Although FIG. 1 depicted two sets of parallel communication transceivers, connections, and endpoints, any number of communication transceivers may be interfaced to network 26 for the purpose of leveraging network 26 for an associated communications endpoint. For example, as depicted in FIG. 3, a network such as corporate WAN 100 may be represented by four remote office sites 102, 104, 106, and 108, located in San Francisco, Atlanta, Chicago, and Seattle, respectively.

Each of the four remote office sites 102, 104, 106, and 108 may include a parallel communication transceiver 110, 112, 114, and 116, respectively. Additionally, each of the four remote office sites 102, 104, 106, and 108 may include one or more sub-networks 118, 120, 122, and 124 (e.g. LANs or WANs) for connecting a number of communications endpoints (not depicted).

Each of the parallel communication transceivers 110, 112, 114, and 116 for the respective sites, may have a direct connection to the other sites, represented by communication links 126, 128, 130, 132, 134 and 136. Each of communication links 126-136 may represent end-to-end communication connections between each of transceivers 110, 112, 114, and 116, which may comprise any number of network resources which have been leveraged according to the embodiments described with respect to FIGS. 1 and 2.

In the example of FIG. 3, existing network management techniques, which do not aggregate network resources, lack the ability to dynamically alter the topology of a network to cater to specific traffic needs. For example, consider the case in which the systems and methods of the described embodiments are not used, and the peak bandwidth usage rate between any two of the sites is 100 Mbps. Without the parallel communication transceiver 110, 112, 114, and 116, links 126-136 must be provisioned with a bandwidth of 100 Mbps between each site to meet the peak bandwidth requirements.

In contrast, by installing parallel communication transceivers 110, 112, 114, and 116 at each remote site, the ability to leverage each of the paths between the sites is realized. Thus, in the above example, for a fully connected network topology, it is sufficient to provision a site-to site link with a bandwidth of 33.3 Mbps since there are at least three parallel connections between any two sites.

Accordingly, the exemplary corporate WAN 100 illustrates that a plurality of single virtual connections may be further leveraged by further abstracting the individual links that comprise up a number of paths between parallel communication transceivers 110, 112, 114, and 116 into a new single connection. For example, the paths formed by links 126 and 128; 132; and 134 and 136, form three paths of which may be abstracted into a single virtual connection between parallel communication transceivers 112 and 114. It should be understood that other paths may also be available as well, such as the path formed by links 126, 130, 136 and/or 134, 130, and 128.

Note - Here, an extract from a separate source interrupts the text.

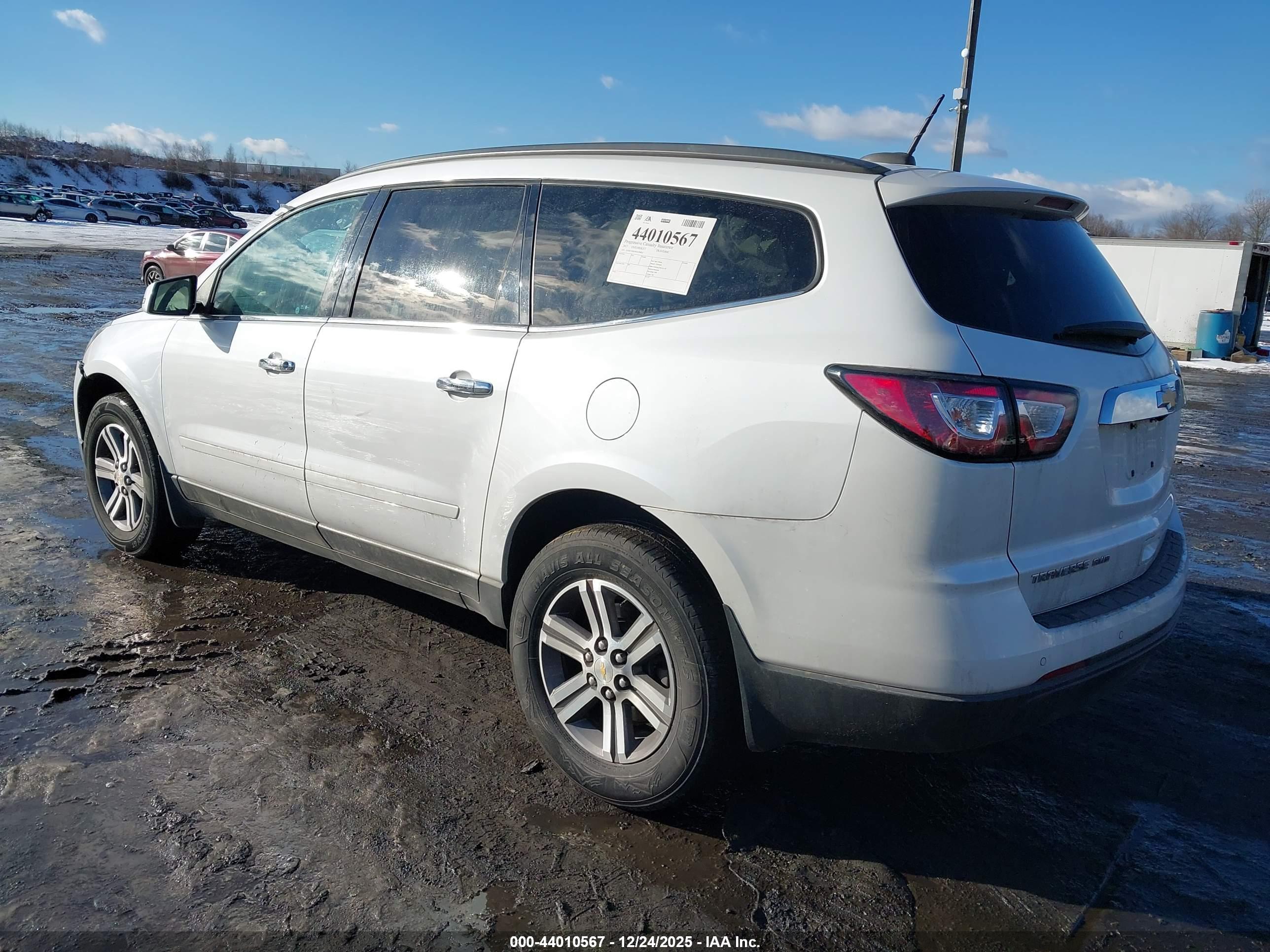 CHEVROLET TRAVERSE image 3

The example of corporate WAN 100 illustrates that intermediate parallel communication transceivers, which may have been discovered by resource discovery module 79 (FIG. 2), may be particularly valuable in that the intermediate parallel communication transceiver may be instructed to retransmit packets along any of the known potential abstracted paths by the sending transceiver. These intermediate parallel communication transceivers may be described as “reflection points” along an abstracted path. For example, in transmitting data from transceiver 112 to transceiver 114, intermediate transceivers 110 and 116 may be instructed to communicate data either directly to transceiver 114, or through other intermediate transceivers (e.g. sequentially along paths 126, 130, and 136 and through intermediate transceivers 110 and 116). This route instruction may, for example, be included in the parallel communication header.

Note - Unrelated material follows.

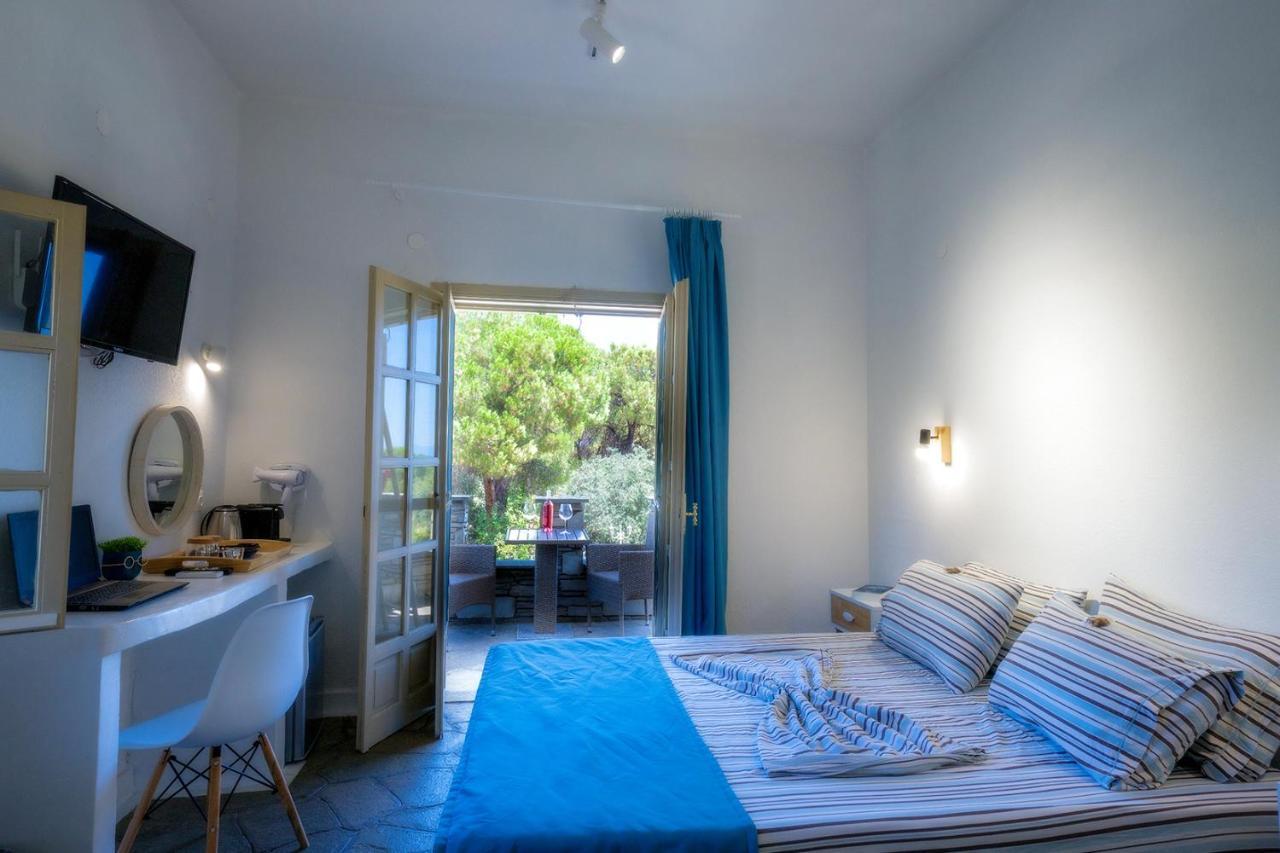Petra Mare Suites Vourvourou Exterior photo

A sending parallel communication transceiver may instruct (e.g. using IP-in-IP encapsulation, minimal IP encapsulation, or source routing) an intermediate parallel communication transceiver to direct packets to other known parallel communication transceivers, which may be other intermediate or destination parallel communication transceivers.

Embodiments of parallel communication have been generally described as having both a sending and receiving parallel communication transceiver. However, in some embodiments, it is not necessary that data delivered to a receiving node be received by a parallel communication transceiver. Rather, a sending parallel communication transceiver may schedule the transmission of data to be received at the receiving node over a plurality of paths to meet an objective function, where the receiving node is the destination endpoint, itself. In such an embodiment, the path properties may be learned by the sending parallel communication transceiver through external means (e.g. through external configuration) as the sending parallel communication transceiver may not be able to cooperate with the destination endpoint in its resource characterization methods.

Embodiments of the described parallel communication may be described as methods for communicating data over parallel data paths, and the functions of the described systems may be viewed as providing a number of steps that may be performed to effectively communicate data over parallel data paths.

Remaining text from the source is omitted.